:: TASK DESCRIPTION ::
Your output must consist of the records printed verbatim, with the pictures excluded.

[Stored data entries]
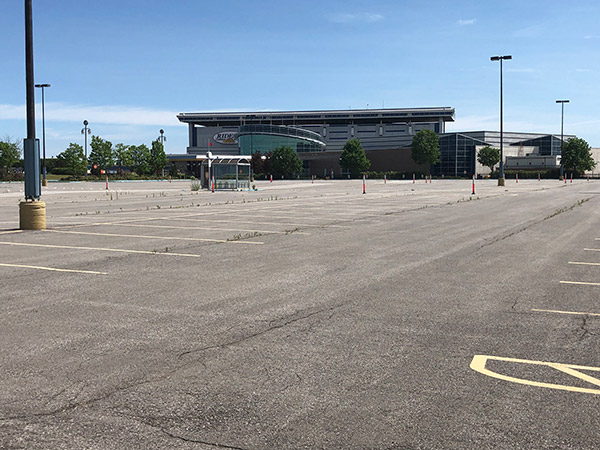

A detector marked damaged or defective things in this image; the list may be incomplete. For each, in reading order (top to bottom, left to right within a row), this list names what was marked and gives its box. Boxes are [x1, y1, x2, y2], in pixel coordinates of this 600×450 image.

cracked asphalt [1, 178, 600, 448]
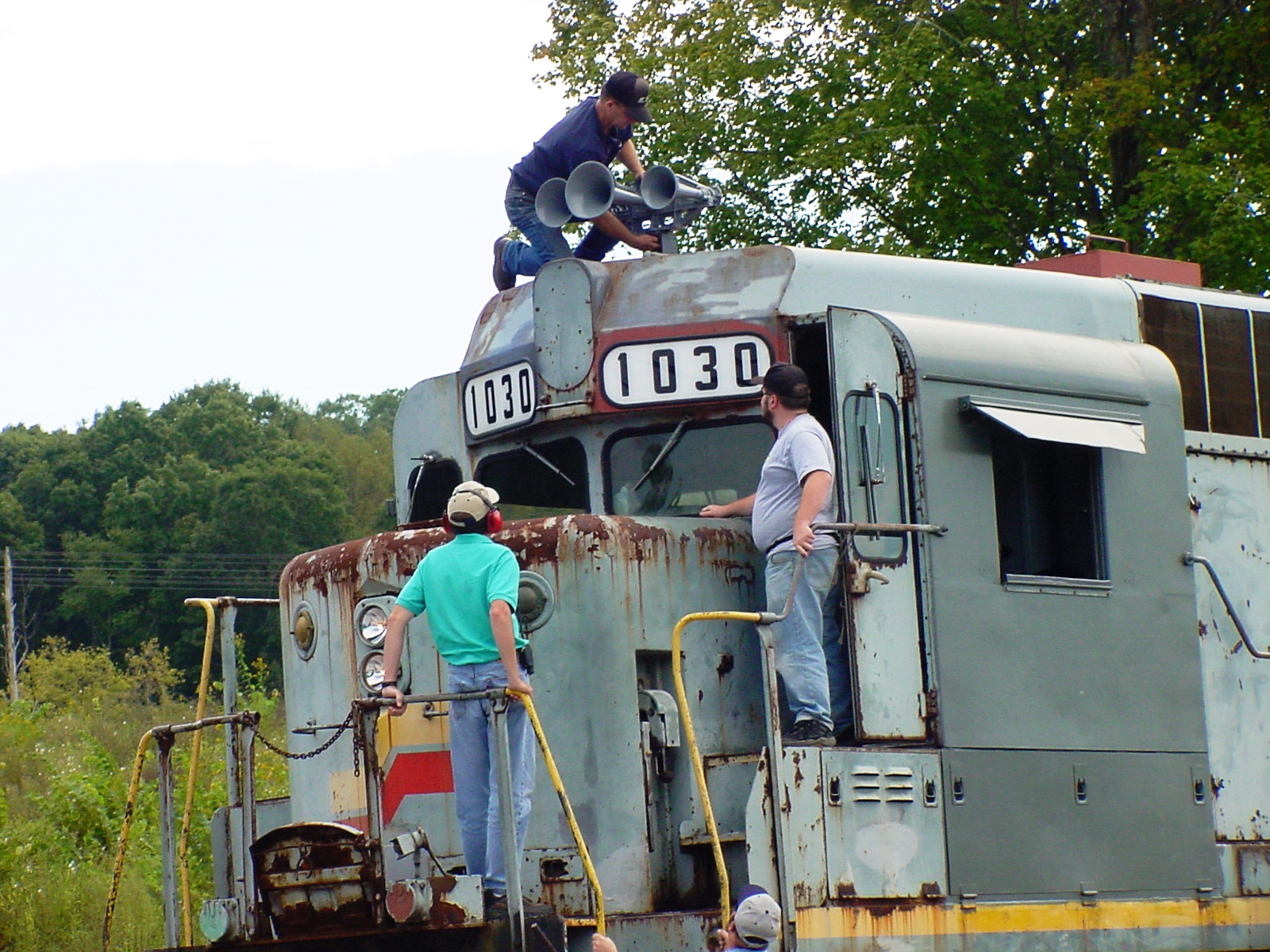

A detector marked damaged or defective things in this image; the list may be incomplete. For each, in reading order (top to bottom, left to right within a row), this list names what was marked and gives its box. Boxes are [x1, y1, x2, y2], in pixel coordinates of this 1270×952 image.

rusty metal surface [250, 822, 381, 939]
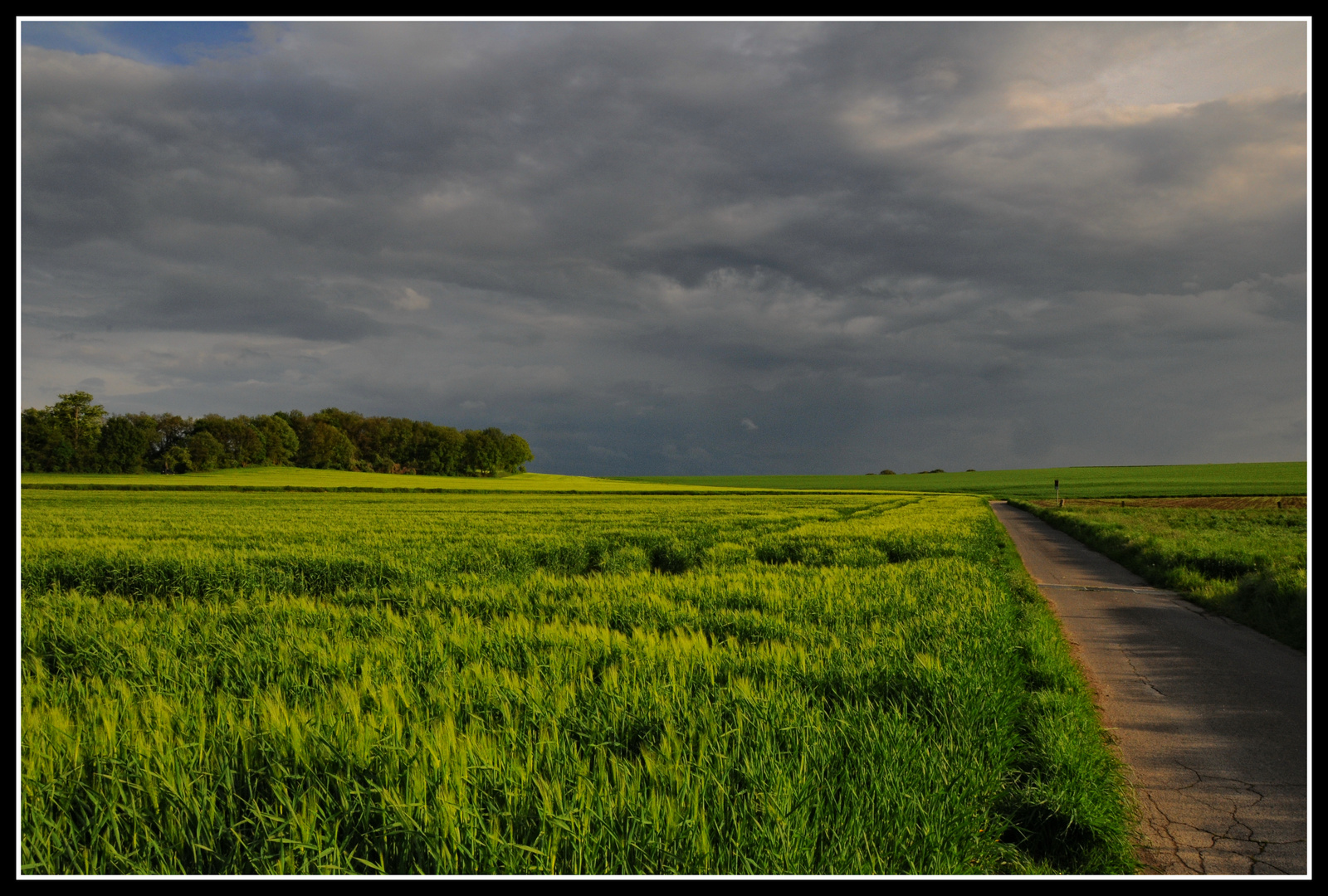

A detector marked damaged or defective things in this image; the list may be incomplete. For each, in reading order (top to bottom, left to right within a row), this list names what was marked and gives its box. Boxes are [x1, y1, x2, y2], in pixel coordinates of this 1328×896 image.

cracked asphalt [988, 504, 1306, 876]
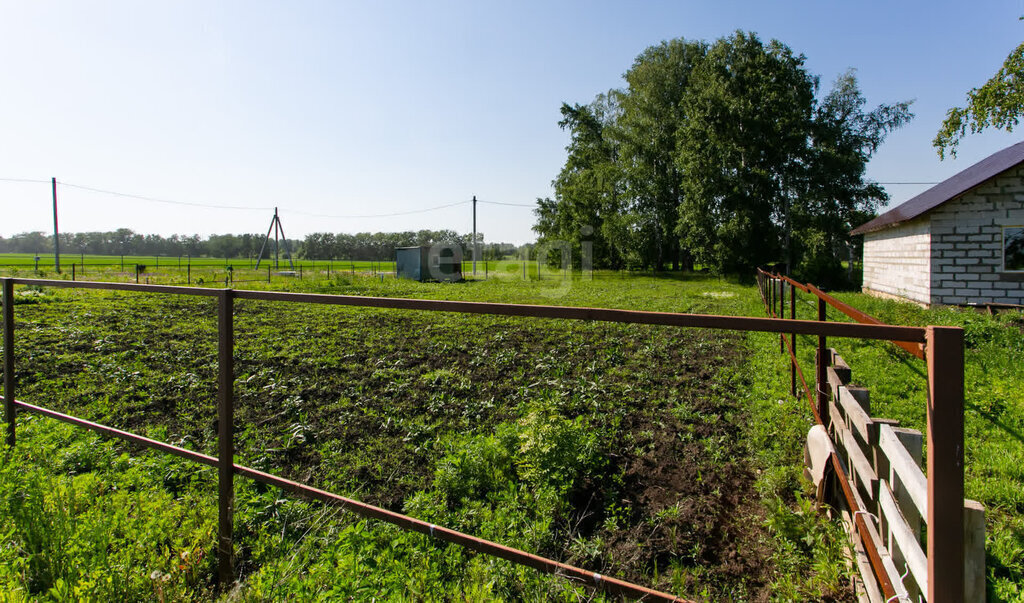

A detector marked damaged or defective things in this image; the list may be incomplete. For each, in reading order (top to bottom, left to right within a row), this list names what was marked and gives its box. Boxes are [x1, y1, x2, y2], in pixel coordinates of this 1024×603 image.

rusty metal fence [0, 278, 960, 603]
rusty metal fence [756, 270, 972, 603]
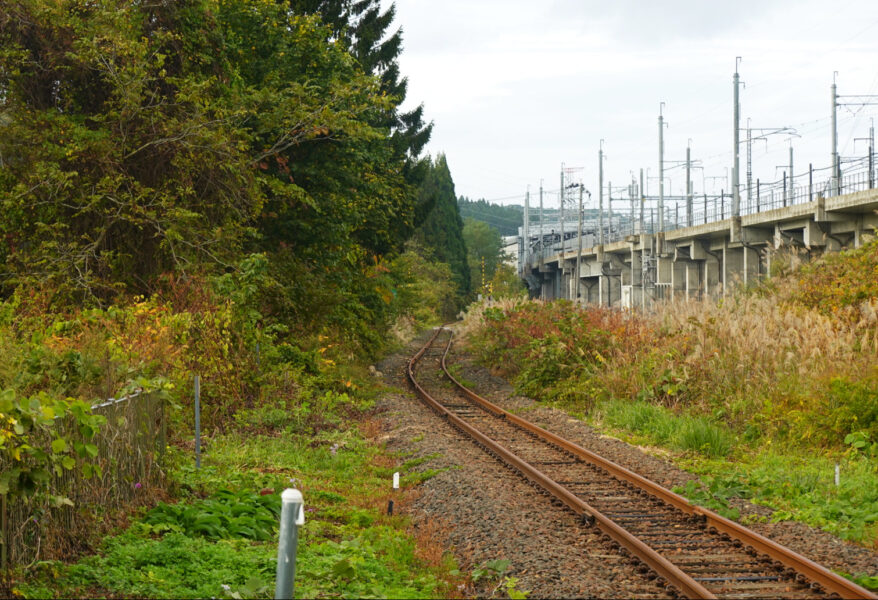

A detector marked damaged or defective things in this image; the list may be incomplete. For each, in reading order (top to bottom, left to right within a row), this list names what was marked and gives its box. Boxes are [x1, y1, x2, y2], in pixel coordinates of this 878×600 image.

rusty railway track [410, 328, 876, 600]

:: ANSWER SPACE ::
A detector marked damaged or defective things in this image; the list may be incomplete. For each, in reading order (top to bottom, left to right within a row), this list names what was marked and gives its box. Boxes are [x1, y1, x2, y2], in pixel coordinates of this 600×450 image.

cracked asphalt [1, 178, 600, 448]

A detector marked damaged or defective things in this image; the list may be incomplete. For each, in reading order (top to bottom, left to right within a row), this list names what was marked and gives its box. Boxes are [x1, y1, x2, y2], in pixel coordinates of this 1270×952 image.

rusty metal surface [250, 822, 381, 939]

A detector marked damaged or defective things in this image; the list may be incomplete. For each, in reading order (top to bottom, left to right within a row), this list names what was marked and gives its box. Boxes are [x1, y1, x2, y2], in pixel coordinates of this 1328×896 image.

cracked asphalt [988, 504, 1306, 876]

A detector marked damaged or defective things in this image; the list may be incomplete. For each, in reading order (top to bottom, left to right within a row), this list names what was marked and gives its box. Boxes are [x1, y1, x2, y2], in pixel coordinates of this 1024×603 image.

rusty metal fence [0, 278, 960, 603]
rusty metal fence [756, 270, 972, 603]

A detector marked damaged or defective things in this image; the list may be incomplete. For each, in reading order (top to bottom, left to right within a row), this list names what was marked and gives its box. Boxes are [x1, y1, x2, y2], in pixel coordinates of this 878×600 image.

rusty railway track [410, 328, 876, 600]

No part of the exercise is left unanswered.